## Task brief
With all pictures excluded, restate the records that follow exactly as written.
-- Supplied records follows --
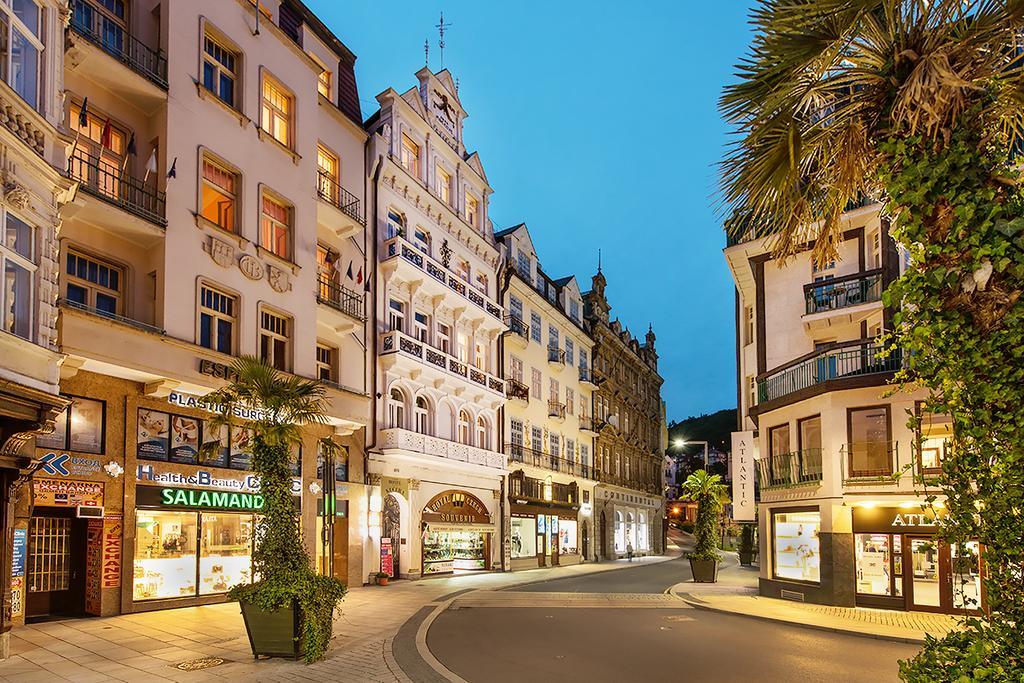 Hotel Kucera Karlovy Vary Exterior foto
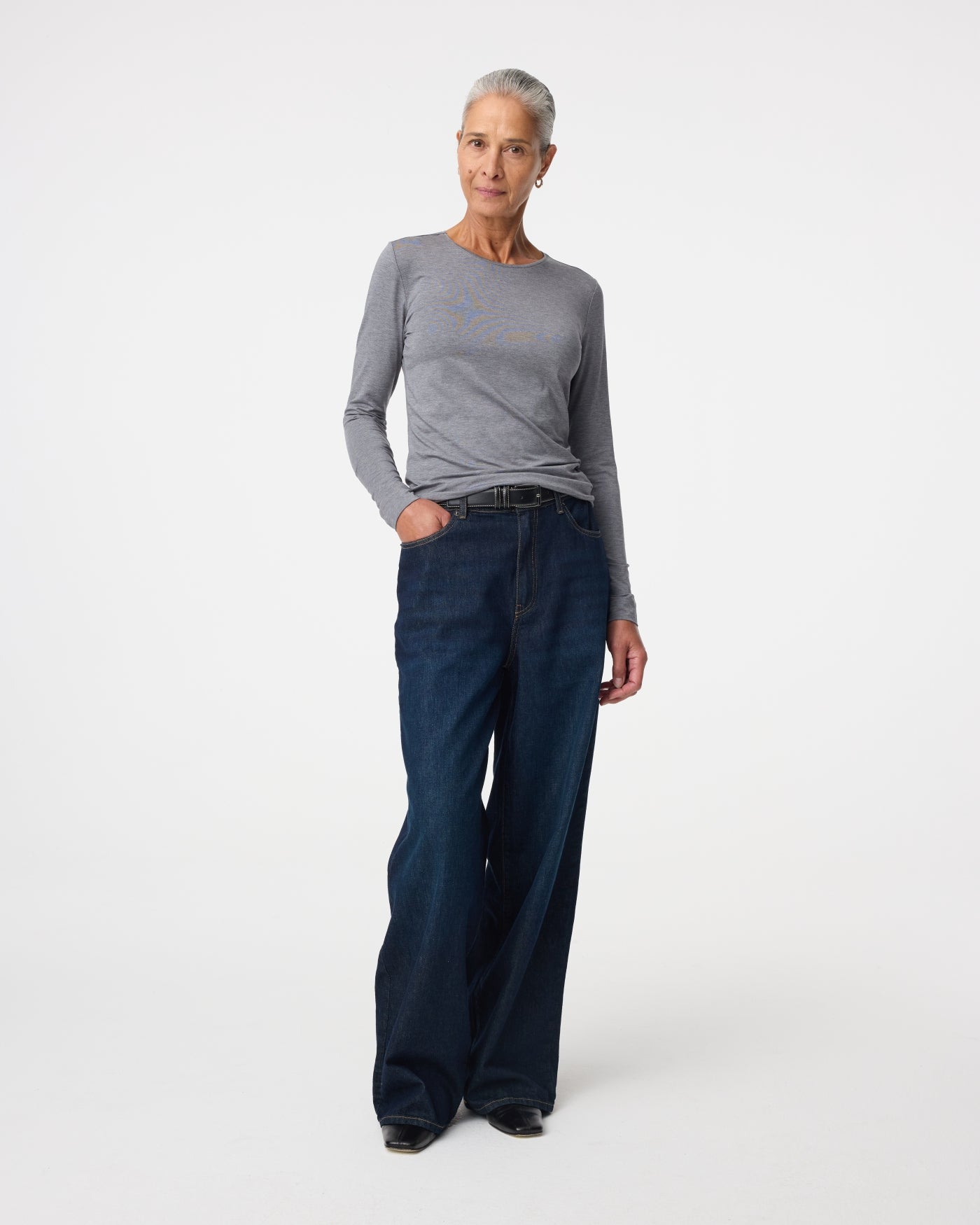 Della Pants | Night Blue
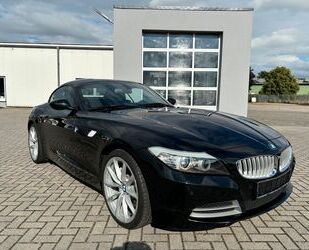 BMW BMW Z4 sDrive35i A schwarz/schwarz, voll, Scheckhe Gebrauchtwagen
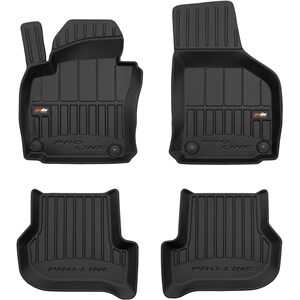 Gummimatta, kupé 3D PROLINE Seat Leon II 2005-2012, seat,skoda,vw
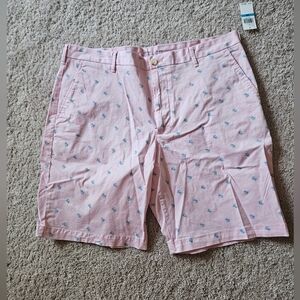 Izod Sportsflex Advantage Performance Mens Shorts Size 36 9.5 Inseam NWT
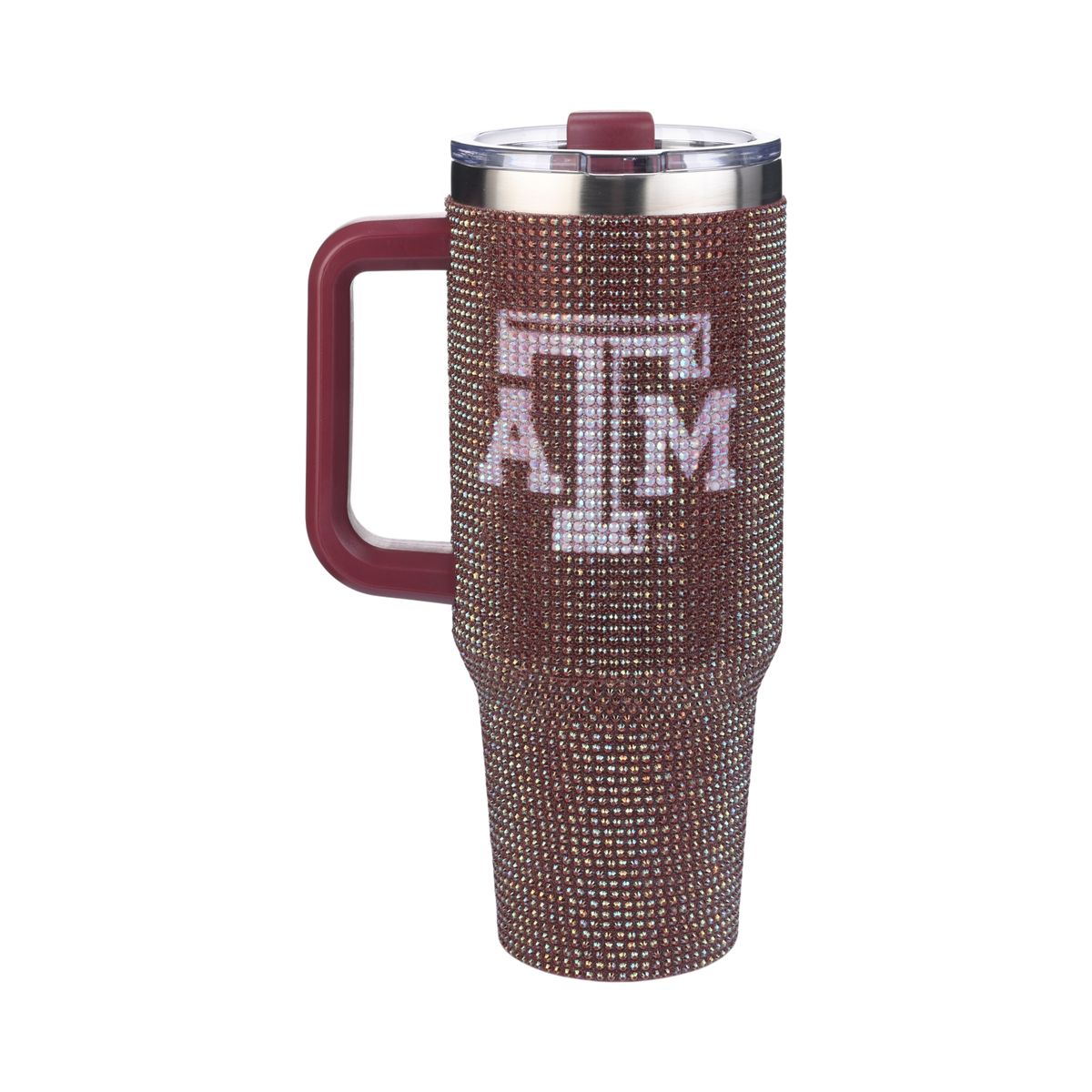 40oz TC Bling Game Tumbler w/ Vintage logo I |  Texas A&M University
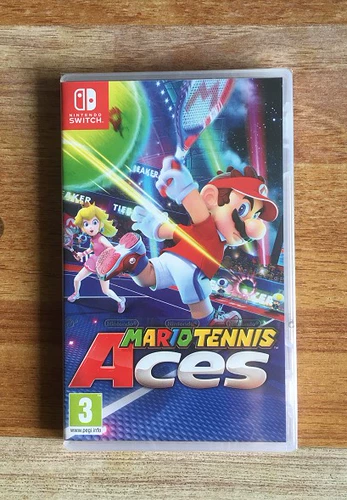 Nintendo Switch Game NS Mario Tennis Ace Chines и English (может быть упомянут) место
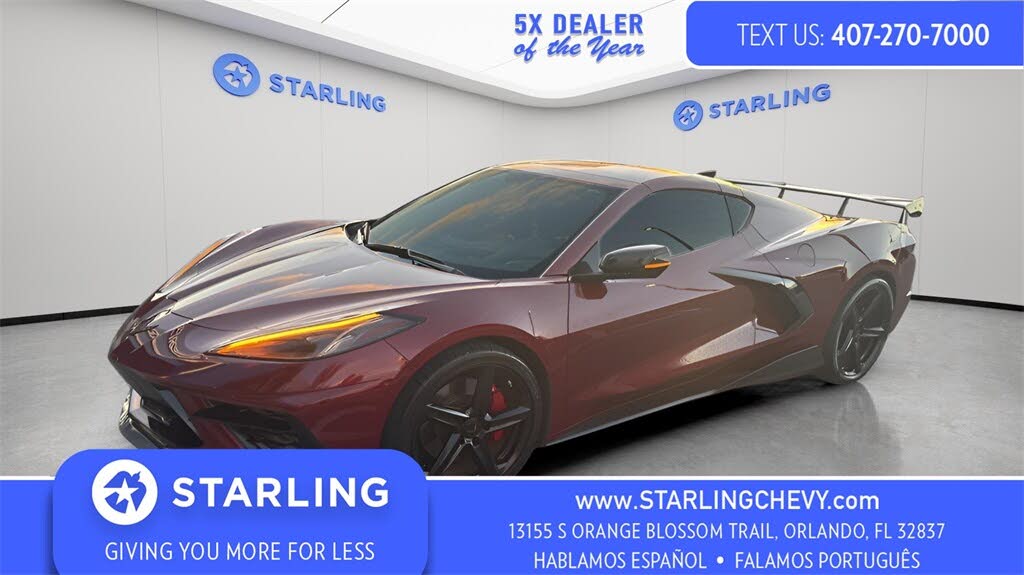 2020 Chevrolet Corvette Stingray 2LT Coupe RWD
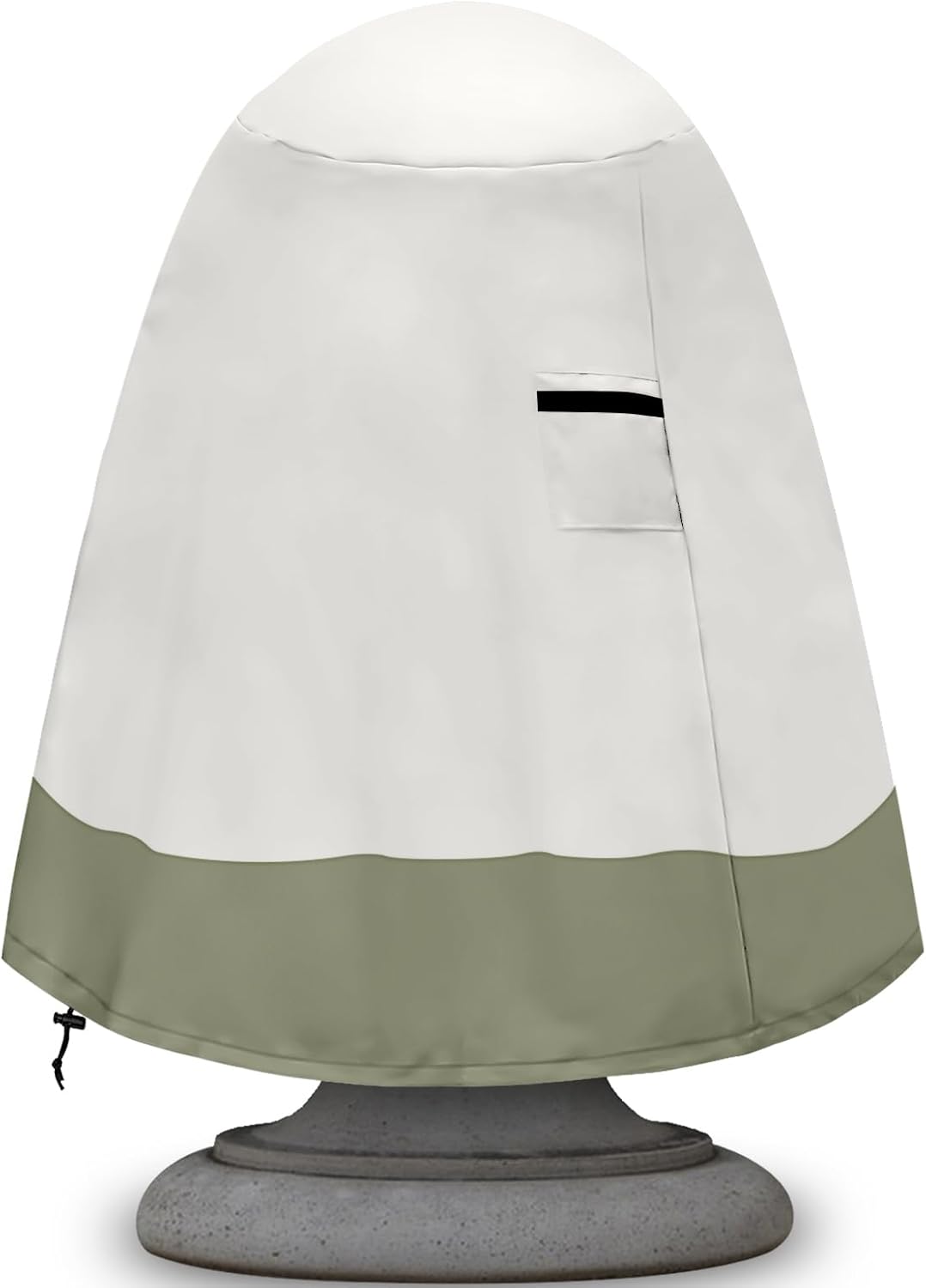 Fountain Cover 48x68 in 600D Oxford Cloth, Drawstring Outdoor Protector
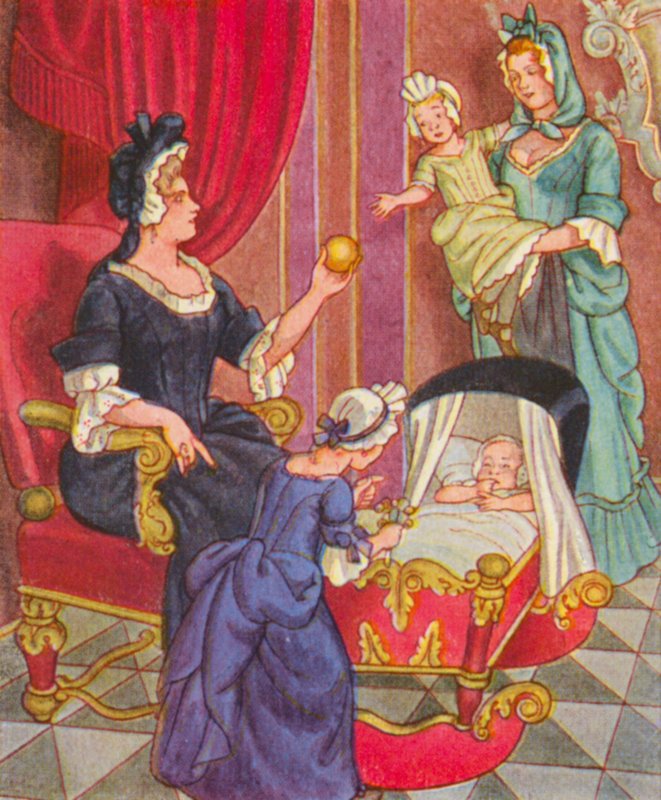 Kinderzimmer von Christophe (1856 1945)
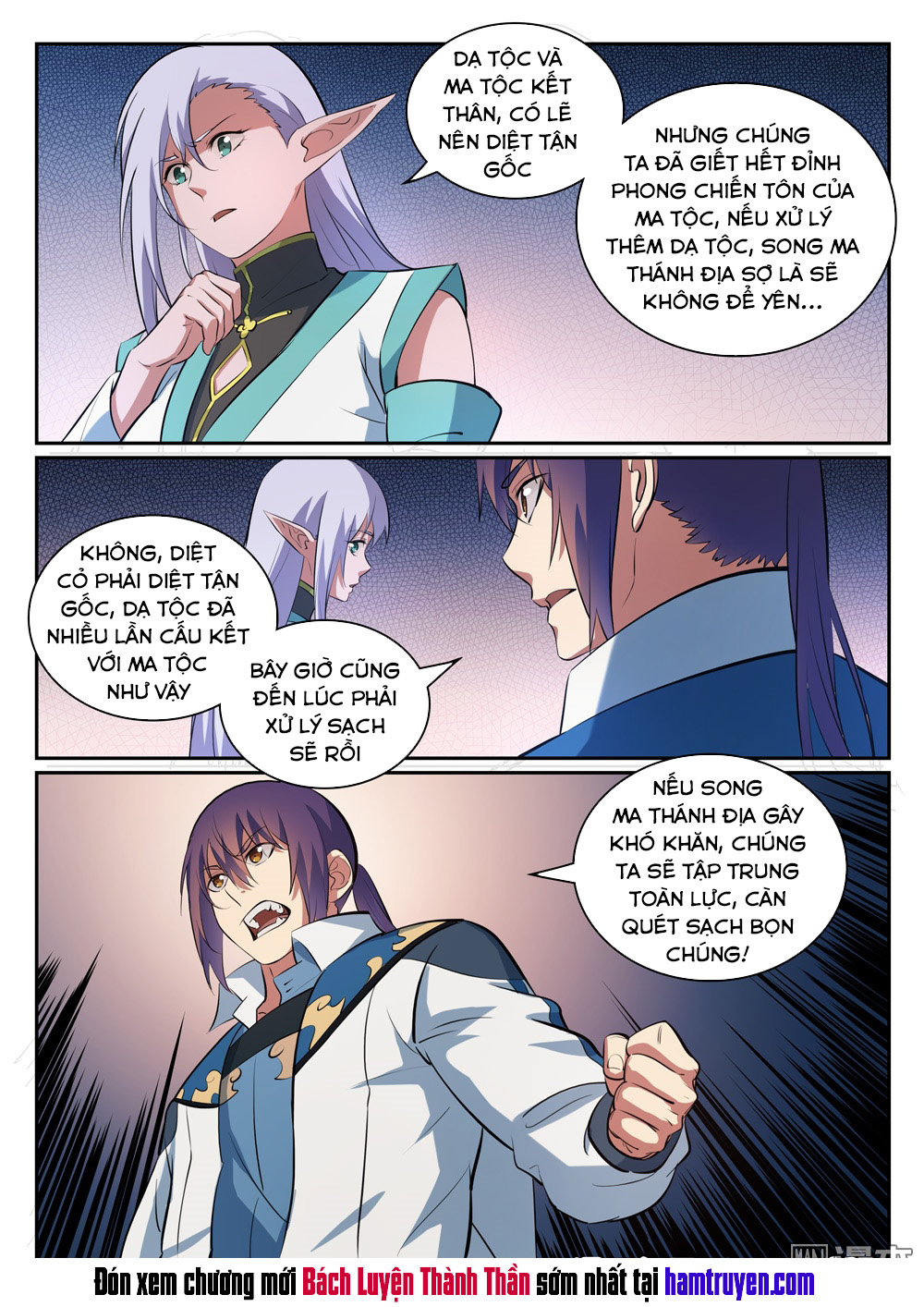 Bách Luyện Thành Thần Chap 301 - Next Chap 302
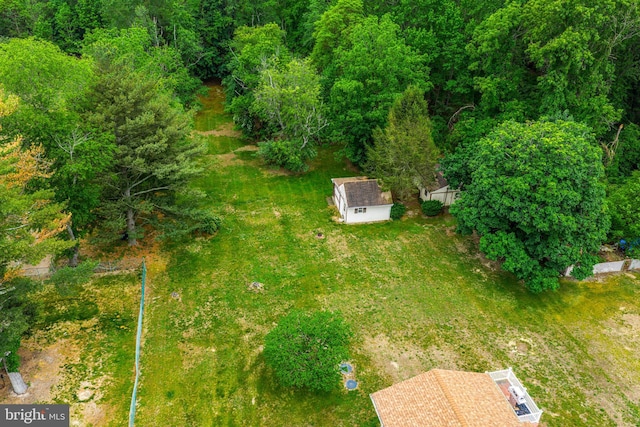 aerial view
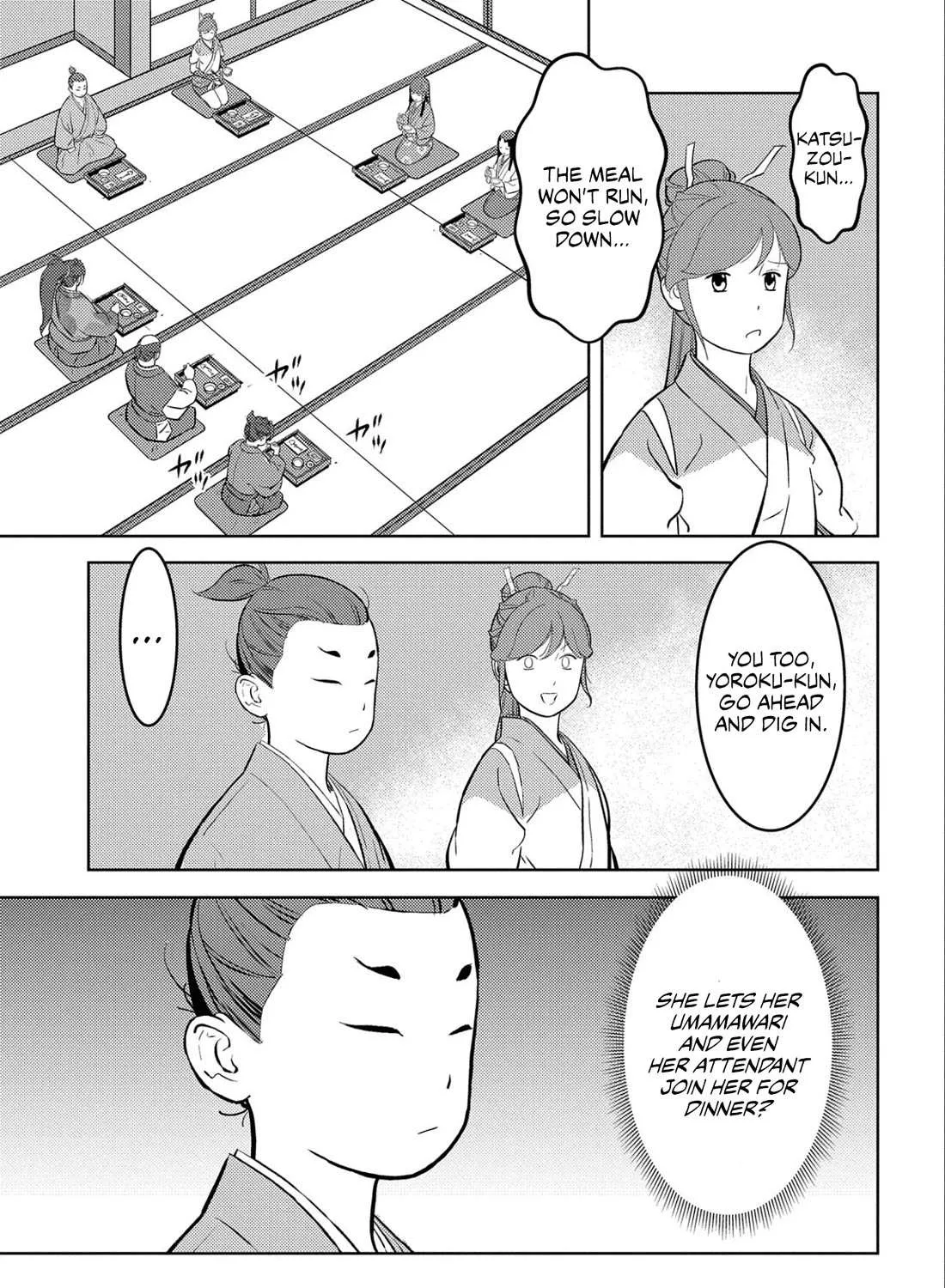 Sengoku Komachi Kurou Tan! Chapter 71 page 21 -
-- Supplied records concluded --
## Answer
 Hotel Kucera Karlovy Vary Exterior foto
 Della Pants | Night Blue
 BMW BMW Z4 sDrive35i A schwarz/schwarz, voll, Scheckhe Gebrauchtwagen
 Gummimatta, kupé 3D PROLINE Seat Leon II 2005-2012, seat,skoda,vw
 Izod Sportsflex Advantage Performance Mens Shorts Size 36 9.5 Inseam NWT
 40oz TC Bling Game Tumbler w/ Vintage logo I |  Texas A&M University
 Nintendo Switch Game NS Mario Tennis Ace Chines и English (может быть упомянут) место
 2020 Chevrolet Corvette Stingray 2LT Coupe RWD
 Fountain Cover 48x68 in 600D Oxford Cloth, Drawstring Outdoor Protector
 Kinderzimmer von Christophe (1856 1945)
 Bách Luyện Thành Thần Chap 301 - Next Chap 302
 aerial view
 Sengoku Komachi Kurou Tan! Chapter 71 page 21 -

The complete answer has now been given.